Llamé a Aquino y también lo despedí. Al recorrer la barraca no vi
más que rayas en todas partes: tablas rayadas, planchuelas rayadas,
barricas rayadas. Hasta una mancha de alquitrán en el suelo, rayada…
No
había duda; estaban completamente locos, una terrible obsesión de
rayas que con esa precipitación productiva quién sabe a dónde los
iba a llevar.
Efectivamente,
dos días después vino a verme el dueño de la Fonda Italiana donde
aquellos comían. Muy preocupado, me preguntó si no sabía qué se
habían hecho Figueroa y Aquino; ya no iban a su casa.
-Estarán
en casa de ellos -le dije.
-La
puerta está cerrada y no responden -me contestó mirándome.
-¡Se
habrán ido! -argüí sin embargo.
-No
-replicó en voz baja-. Anoche, durante la tormenta, se han oído
gritos que salían de adentro.
Esta
vez me cosquilleó la espalda y nos miramos un momento.
Salimos
apresuradamente y llevamos la denuncia.

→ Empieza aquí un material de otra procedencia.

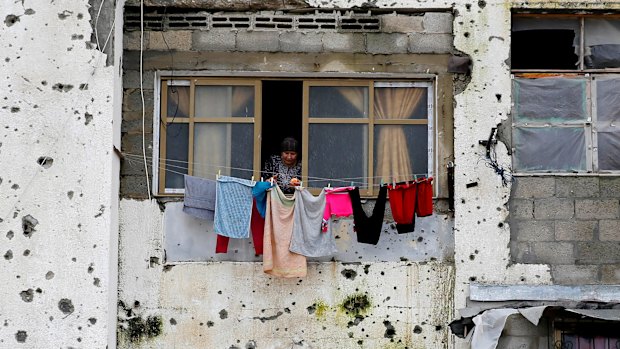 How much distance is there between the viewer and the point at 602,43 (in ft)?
33.3

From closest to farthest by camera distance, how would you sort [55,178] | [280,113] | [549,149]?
1. [55,178]
2. [549,149]
3. [280,113]

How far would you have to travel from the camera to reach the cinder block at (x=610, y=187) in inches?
384

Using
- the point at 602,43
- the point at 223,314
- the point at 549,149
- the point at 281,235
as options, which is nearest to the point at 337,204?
the point at 281,235

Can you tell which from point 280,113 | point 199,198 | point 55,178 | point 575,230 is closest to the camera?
point 55,178

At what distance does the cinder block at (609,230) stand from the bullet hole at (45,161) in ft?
16.9

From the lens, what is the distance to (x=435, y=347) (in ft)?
31.7

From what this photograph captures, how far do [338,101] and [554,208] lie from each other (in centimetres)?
232

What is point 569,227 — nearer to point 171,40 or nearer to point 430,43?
point 430,43

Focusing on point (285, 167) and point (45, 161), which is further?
point (285, 167)

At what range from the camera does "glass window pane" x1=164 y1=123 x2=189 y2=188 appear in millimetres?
10000

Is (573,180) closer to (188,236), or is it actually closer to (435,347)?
(435,347)

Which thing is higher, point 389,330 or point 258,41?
point 258,41

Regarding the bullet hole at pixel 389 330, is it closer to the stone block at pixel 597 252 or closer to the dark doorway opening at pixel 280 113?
the stone block at pixel 597 252

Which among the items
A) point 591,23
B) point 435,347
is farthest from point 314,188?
point 591,23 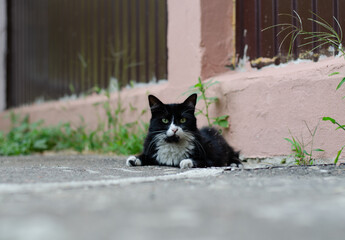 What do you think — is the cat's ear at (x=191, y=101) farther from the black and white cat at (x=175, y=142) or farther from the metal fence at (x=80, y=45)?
the metal fence at (x=80, y=45)

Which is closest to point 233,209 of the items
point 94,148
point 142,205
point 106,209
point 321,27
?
point 142,205

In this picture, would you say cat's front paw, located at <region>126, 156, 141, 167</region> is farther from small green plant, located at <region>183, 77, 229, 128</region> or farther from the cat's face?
small green plant, located at <region>183, 77, 229, 128</region>

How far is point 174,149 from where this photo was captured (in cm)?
326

En el trayecto al caserón la
fila se engrosó, y al llegar a aquél, chapaleando en el agua,
éramos más de quince. Ya empezaba a oscurecer. Como nadie
respondía, echamos la puerta abajo y entramos. Recorrimos la casa en
vano; no había nadie. Pero el piso, las puertas, las paredes, los
muebles, el techo mismo, todo estaba rayado: una irradiación
delirante de rayas en todo sentido.
Ya
no era posible más; habían llegado a un terrible frenesí de rayar,
rayar a toda costa, como si las más intimas células de sus vidas
estuvieran sacudidas por esa obsesión de rayar. Aun en el patio
mojado las rayas se cruzaban vertiginosamente, apretándose de tal
modo al fin, que parecía ya haber hecho explosión la locura.
Terminaban
en el albañal. Y doblándonos, vimos en el agua fangosa dos rayas
negras que se revolvían pesadamente.